Настоятель кивнул, продолжая напряженно всматриваться во тьму. Он шел скорым шагом, и мальчик время от времени пускался бегом, чтобы не отстать. Настоятель понимал, что покидать храм было глупо. Даже при свете белой луны было почти невозможно найти кого-нибудь в такой кромешной тьме. Он собирался сказать именно это, когда заметил впереди серого жеребца, стоявшего чуть в стороне от тропы.

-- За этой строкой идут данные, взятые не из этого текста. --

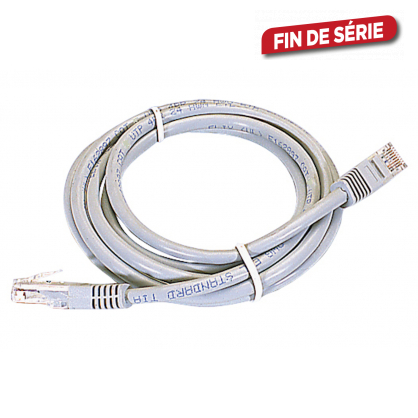 Câble Ethernet RJ45 mâle/mâle gris 3 m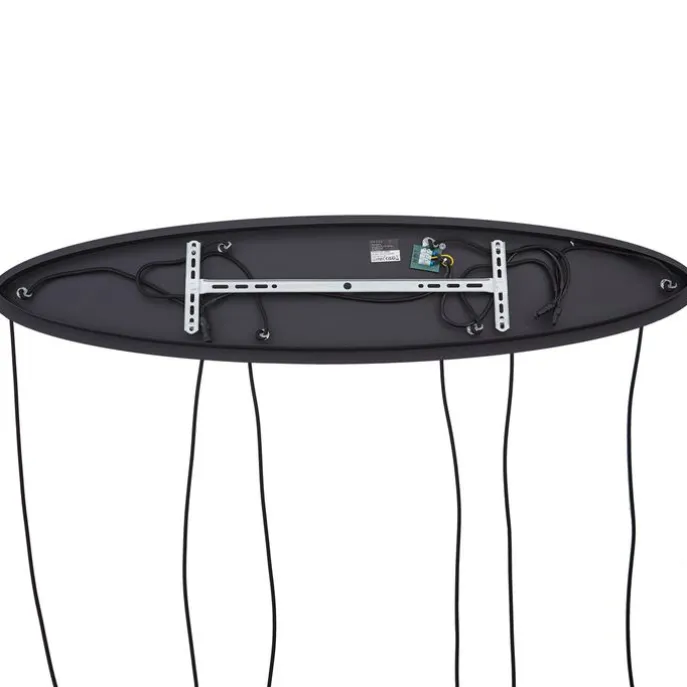 Moderne Hängelampe schwarz mit weißem Glas rechteckig 6-flammig - Misty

Завидев их, конь фыркнул и забил копытом, но не сдвинулся с места.
Настоятель похолодел. Даже отсюда он видел, что это не простая фермерская лошадь. Ухоженный породистый конь, богатое седло.
Если бы настоятель сразу заметил тело, лежавшее на земле рядом с жеребцом, он бы не подпустил Арвида ближе. Но к тому времени, когда он увидел распростертого на земле человека, было уже слишком поздно. Мальчик тихо вскрикнул, и его вырвало прямо на тропу.
Настоятель бросился вперед и опустился на колени рядом с телом. У несчастного была перерезана глотка, и на опавших листьях вокруг его головы растеклась лужа крови, блестевшая в лунном свете. На груди и животе тоже виднелись колотые раны. Палец правой руки, на котором носят кольцо, был отрезан. Просто грубо откромсан.
Настоятель бросил взгляд на мешочек с лекарственными травами, который по-прежнему держал в руке, и почувствовал желание швырнуть его далеко в темноту. Но вместо этого убрал мешочек в карман. Потом он наклонился, чтобы рассмотреть лицо убитого, и сам невольно вскрикнул.
Филиб. Сын герцога, будущий король.
Он потряс головой, чувствуя, как горячие слезы текут по щекам. Сначала отец, а теперь и сын.
– Будь прокляты эти грабители! – произнес он дрожащим голосом. Он знал, что Арвид слышит его слова, но в ту минуту ему было все равно. – Байан бы побрал всех разбойников!